Here are the awards authorized for the V-Device:
- Distinguished Service Medals
- Bronze Star Medal
- Army Soldier’s Medal, Navy and Marine Corps Medal, Airman’s Medal, and the Coast Guard Medal
- The Army, Navy and Marine Corps, Coast Guard, Air Force, and Joint Service Commendation Medals
There is no specific tally for the number of valor awards given out, but a 2007 article by Government Executive magazine reported that in the first six years of the War On Terror, the Air Force, Navy, and Marine Corps combined issued 1,765 Bronze Stars with V devices and approximately 5,257 without. For the Army, the figures were 1,698 Bronze Stars with V and more than 50,000 without.

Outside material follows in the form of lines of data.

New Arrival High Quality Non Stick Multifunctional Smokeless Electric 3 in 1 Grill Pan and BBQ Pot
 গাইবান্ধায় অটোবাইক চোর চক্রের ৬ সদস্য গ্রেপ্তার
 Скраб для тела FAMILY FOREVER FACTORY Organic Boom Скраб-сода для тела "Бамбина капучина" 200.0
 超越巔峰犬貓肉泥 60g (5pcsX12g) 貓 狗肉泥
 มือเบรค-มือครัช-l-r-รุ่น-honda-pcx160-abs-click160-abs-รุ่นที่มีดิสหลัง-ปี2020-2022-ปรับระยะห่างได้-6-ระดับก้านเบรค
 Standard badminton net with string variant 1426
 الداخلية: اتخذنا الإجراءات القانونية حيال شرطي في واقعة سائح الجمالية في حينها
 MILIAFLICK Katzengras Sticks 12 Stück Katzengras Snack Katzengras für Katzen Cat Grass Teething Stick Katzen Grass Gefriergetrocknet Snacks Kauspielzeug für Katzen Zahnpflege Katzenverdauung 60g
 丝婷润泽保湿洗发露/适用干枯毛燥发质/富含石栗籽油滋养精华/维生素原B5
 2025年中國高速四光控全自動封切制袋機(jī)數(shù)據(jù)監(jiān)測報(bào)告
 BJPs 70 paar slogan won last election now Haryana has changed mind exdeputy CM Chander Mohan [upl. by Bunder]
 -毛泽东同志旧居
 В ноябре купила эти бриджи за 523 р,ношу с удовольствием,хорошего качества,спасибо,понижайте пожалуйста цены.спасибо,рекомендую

Gary Wetzel, a Medal of Honor recipient, told Romesha something he’d never forget: “War is not glorifying. It’s horrifying.” It’s a saying that has stuck with him for years. Romesha doubled down on valor awards not being a reward or a ‘win.’
“Valorous awards. You can’t truly sit there and say you won everything because you’ve lost so much,” Romesha said. “So, you can’t sit there and say you won anything, you can just say you’ve received acknowledgment for your contribution to do your best.”
The Purple Heart
The Purple Heart holds a unique spot in the military award hierarchy. It is for any military member who is wounded or killed in combat, including incidents of friendly fire.
Notably, Purple Hearts were not traditionally given for injuries that manifest over time, like traumatic brain injuries suffered in large blasts or from repeated concussions, but that approach to awarding the medal is changing. In 2020, 29 Purple Hearts were retroactively awarded to service members who suffered TBIs from a ballistic missile attack in Syria.
The award traces its roots to the American Revolution, when two Continental Army soldiers, William Brown and Elijah Churchill, were the first to receive the Badge of Military Merit, the predecessor of the Purple Heart. Over 1 million Purple Hearts were awarded in World War II.
Every Purple Heart medal pinned on a soldier in the last 80 years was originally intended for a soldier who never had to receive it. As World War II came to a close, U.S. planners began minting purple heart medals in anticipation of an invasion of mainland Japan. So many casualties were expected that the eventually-unneeded surplus remain in U.S. stocks today.
The Purple Heart ranks above the service-specific commendation medals, including the Joint Service Commendation Medal, but is one rank lower than the Bronze Star. Close to 2 million Purple Hearts have been awarded since it was authorized in 1932.